* [Work to be completed] Work through the data line by line, gathering every line that has the word "from".
-------- Data for the task --------
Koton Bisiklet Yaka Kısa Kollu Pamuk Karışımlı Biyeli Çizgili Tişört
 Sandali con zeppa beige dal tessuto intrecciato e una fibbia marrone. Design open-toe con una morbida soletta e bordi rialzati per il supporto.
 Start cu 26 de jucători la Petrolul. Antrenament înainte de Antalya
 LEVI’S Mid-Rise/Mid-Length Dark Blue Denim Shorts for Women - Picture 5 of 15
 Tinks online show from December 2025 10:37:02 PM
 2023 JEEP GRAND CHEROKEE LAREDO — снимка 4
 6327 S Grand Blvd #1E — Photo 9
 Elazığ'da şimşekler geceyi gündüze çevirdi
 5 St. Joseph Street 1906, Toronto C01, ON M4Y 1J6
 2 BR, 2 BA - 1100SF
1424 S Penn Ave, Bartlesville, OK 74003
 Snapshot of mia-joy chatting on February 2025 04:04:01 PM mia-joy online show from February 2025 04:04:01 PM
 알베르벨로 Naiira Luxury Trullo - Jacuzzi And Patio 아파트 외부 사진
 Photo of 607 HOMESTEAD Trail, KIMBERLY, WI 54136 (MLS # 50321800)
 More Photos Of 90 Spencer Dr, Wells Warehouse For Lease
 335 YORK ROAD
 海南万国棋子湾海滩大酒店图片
--------
* [Answer to the problem]
 Tinks online show from December 2025 10:37:02 PM
 Snapshot of mia-joy chatting on February 2025 04:04:01 PM mia-joy online show from February 2025 04:04:01 PM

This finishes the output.